About 50 police officers have been taken hostage in various locations.
President Lenin Moreno says he will not bring back subsidies and has declared a two-month national emergency.
The protests were originally led by transport unions who have since stopped their action. Other sectors are calling for a national strike on Wednesday.
Ecuadorians say abolishing fuel subsidies has also led to rising prices for consumer goods. About 20 people have been arrested for raising food prices, the government said.
They had been overcharging for products such as corn, onions, carrots and potatoes, which are subject to price controls, the authorities said.
"There is no justification for raising the prices," Interior Minister Maria Romo said.
One man died in the Andean province of Azuay in the south of the country, the government said.

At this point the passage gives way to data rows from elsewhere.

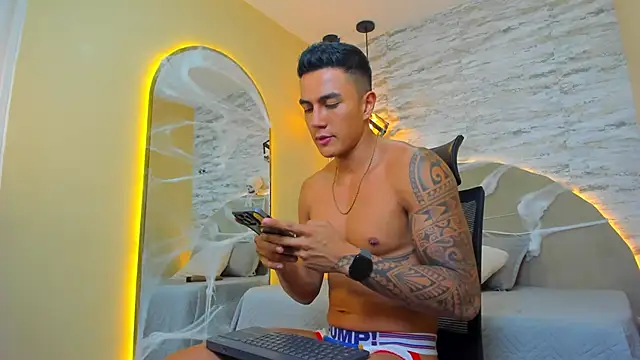 Aron Bolt online show from October 21, 9:28 pm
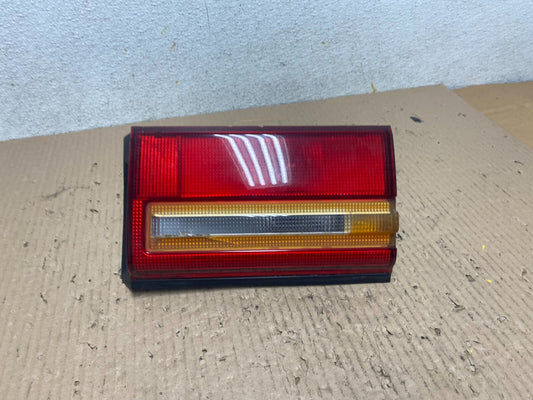 1990 - 1991 Toyota Camry Right Passenger Inner Tail Light Oem M9468 DW0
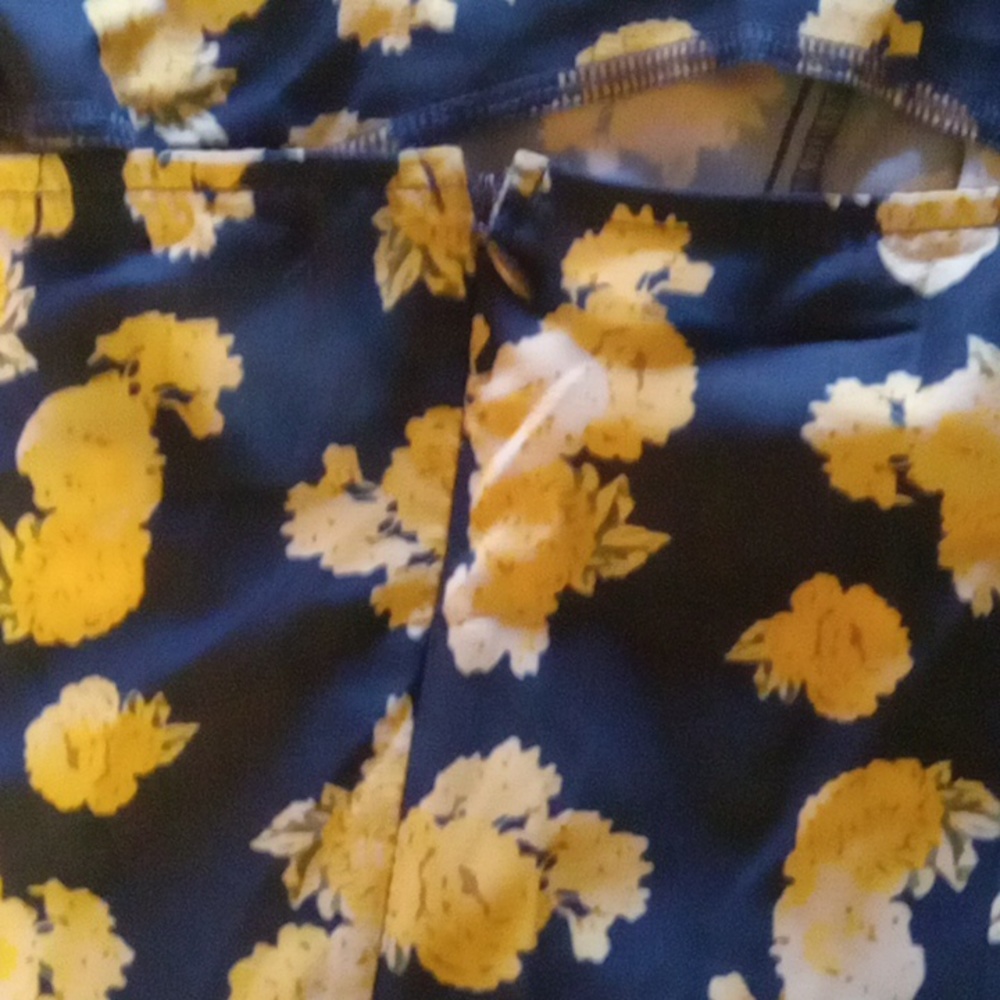 Dress - Picture 4 of 5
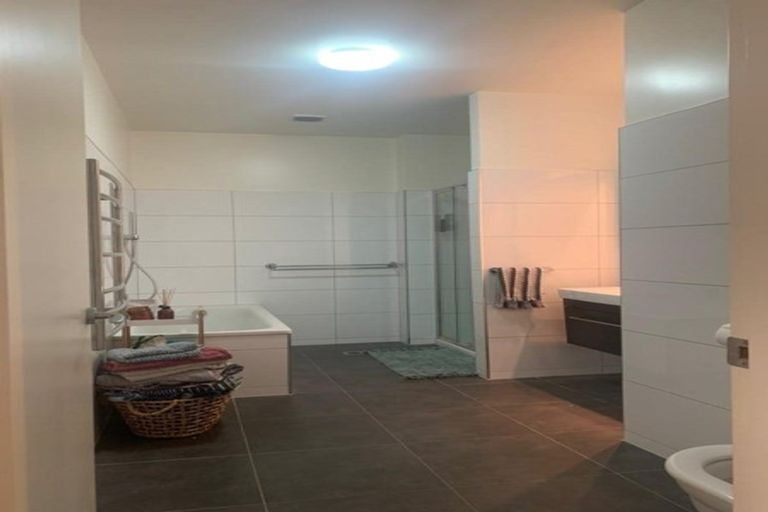 Photo of property in 25u5 Home Street, Mount Victoria, Wellington, 6011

Reports said roadblocks in the area had stopped an ambulance from reaching him after he was hit by a car.
How significant is the indigenous groups' action?
Some of the road blockages have affected petrol deliveries, leading to fuel shortages in parts of the country.
They have affected routes including the main north-south highway in the country.
In some places, protesters threw stones and rocks, clashing with security forces who fired tear gas.
An umbrella group for indigenous groups in the country, the Confederation of Indigenous Nations in Ecuador (Conaie) said it was declaring a "state of exception" in indigenous areas, where soldiers and police officers would be detained and would face "indigenous justice".
Luis Iguamba, leader of the Kayambi people from northern Ecuador, said they would keep up the pressure on the government.
"We are fighting for everyone and we are fighting to foresee the rights we all have and we can't allow this. So, everyone, be on the lookout and keep up the fight. Let's radicalise the strike," he said.
Schools are to remain closed in Andean areas of the country because of the protests, EFE news agency quoted the education minister as saying.
The BBC's Americas Editor Candace Piette says indigenous-led protests have toppled three presidents in the last few decades.
Their intervention follows protests on Thursday and Friday that saw roads in the capital Quito and the city of Guayaquil strewn with makeshift barricades and burning tyres.
Hundreds of people were arrested, dozens of police officers hurt, several police cars destroyed and a local government building was attacked, the authorities said.
Why did the president scrap the subsidies?
Mr Moreno said the fuel subsidies, which cost the government $1.3bn (£1bn) annually, were no longer affordable.
The elimination of the fuel subsidies, introduced in the 1970s, are part of Mr Moreno's plan to shore up Ecuador's flagging economy and ease its debt burden.
Ecuador's government has agreed to cut public spending as part of a loan deal with the International Monetary Fund (IMF).
The agreement, signed in March, allows Ecuador to borrow $4.2bn (£3.4bn).
On Tuesday, Ecuador announced it was leaving the Organization of the Petroleum Exporting Countries (Opec) to pump more oil and raise revenues.